Taste-wise, the cake is quite similar to Mr Kipling’s Country Slices, though not as moist and a lot more prone to fall apart. It’s definitely not the sort of cake you can eat without a plate. Even if you have managed to cut a slice, it tends to break up when you try to take a bite as well, so you end up with a plate full of varying sizes of cake crumbs.
Before I tried the Dutch Apple Cake (turns out this isn’t gluten free any more, if it ever was) made by Mrs Crimble, I assumed that all decent gluten free cakes would suffer from the tendency to disintegrate which is exhibited by this cake. Obviously, I don’t think that any more, though I am not sure what the secret is. The Tesco cake seems to hold together best around the fruit, so perhaps it is because Mrs Crimbles cake is made with lots of apple puree (as there’s no other obvious apple presence) that holds it together. Or perhaps Tesco’s cake could do with more xanthan gum (which is listed in the ingredients, though it doesn’t seem to be performing its function of replacing gluten particularly well).

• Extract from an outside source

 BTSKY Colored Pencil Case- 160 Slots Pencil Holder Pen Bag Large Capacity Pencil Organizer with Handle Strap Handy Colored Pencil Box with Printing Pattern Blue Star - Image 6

I am not unhappy about eating crumbs, though it’s more difficult. But I couldn’t serve this to guests, for sure. I think, though, that this cake would make a good base for a traditional trifle. Sure, it has fruit in it, which is not normal for the sponge at the bottom of a trifle, but as trifle contains lots of fruit anyway, I think it would work fine.

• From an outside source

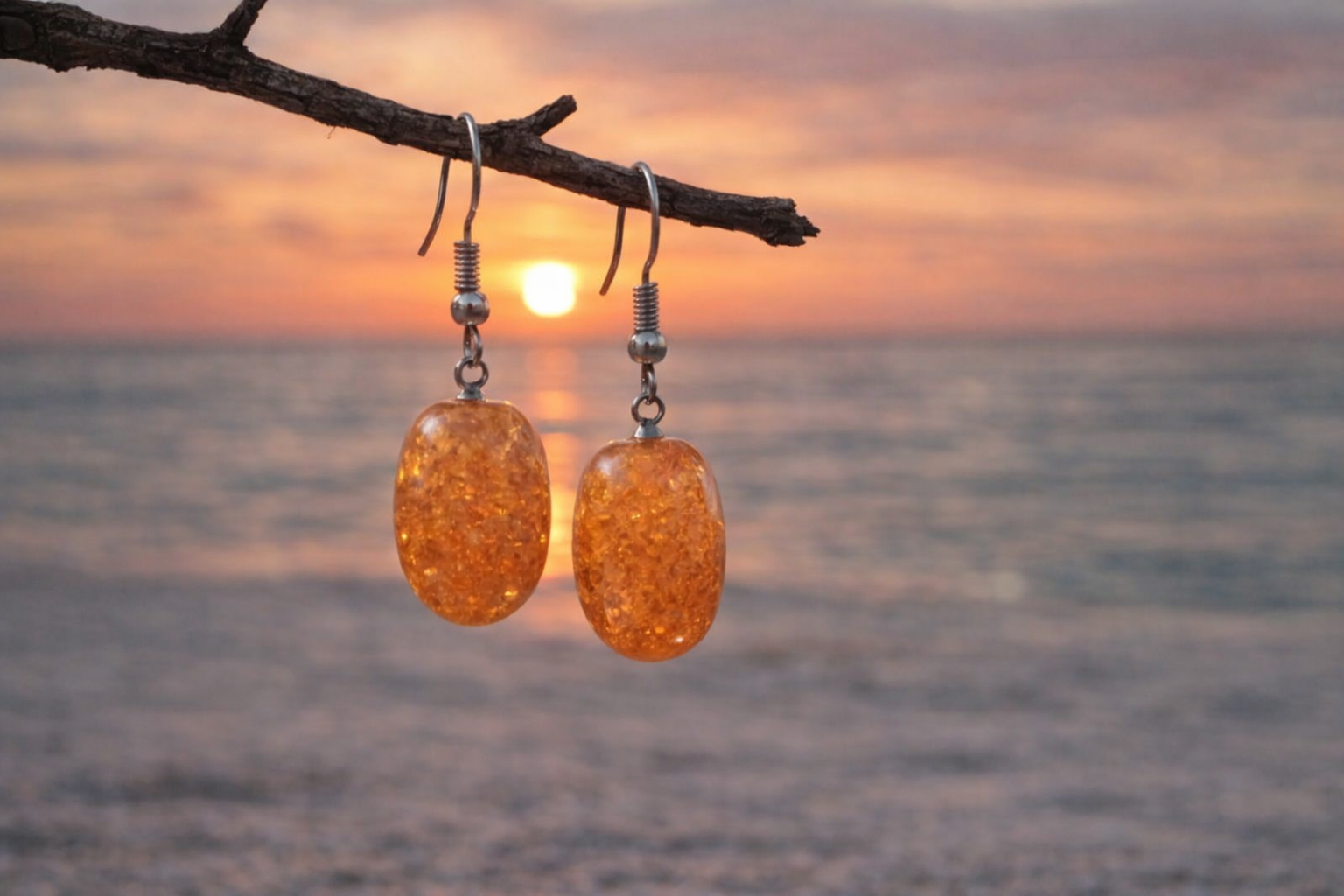 Imitation Light Brown Amber Oval Earrings – Silver Bead Hooks - Image 2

Here’s the information on the label:
Sponge cake with sultanas topped with demerara sugar. Made with rice flour, potato starch and maize starch.
Free from – Milk, wheat, gluten.
Allergy advice – Contains egg. Recipe: No nuts. Ingredients: Cannot guarantee nut free. Factory: Before being prepared for manufacture of this product, the equipment was previously used to make products containing nuts. Suitable for vegetarians.
Ingredients: Sultanas (25%), Sugar, Sunflower Oil, Rice Flour, Water, Potato Starch, Humectant (Vegetable Glycerine), Dried Egg, Demerara Sugar, Maize Starch, Raising Agents (Disodium diphosphate, Sodium bicarbonate), Salt, Stabiliser (Xanthan Gum), Emulsifiers (Polyglycerol Esters of Fatty Acids, Mono- and Di-Glycerides of Fatty Acids), Preservative (Potassium sorbate), Flavouring.
Nutrition: 100g contains (typical composition): Energy 1620kJ/3900kcal Protein 3.1g; Carbohydrate 56.8g (of which sugars 21.6g); Fat 16.2g (of which polyunsaturates 9.1g); Fibre 1.0g; Sodium 0.3g; Salt 0.77g. Each slice contains the equivalent of 0.2g of salt. For guideline amounts, please visit www.tesco.com
I can’t find any weight specified on the packet. Once I’ve finished the cake, I will check more thoroughly, but in the meantime, I can tell you that the carton measures 5″x3″ or 12.5x9cm (the cake is very slightly smaller than this, due to the inner wrapper), and the cake is just under 2.5″ (6.25cm) high. It’s priced at £1.50 – which I would have reckoned a bargain before I found the Dutch Apple Cake previously reviewed.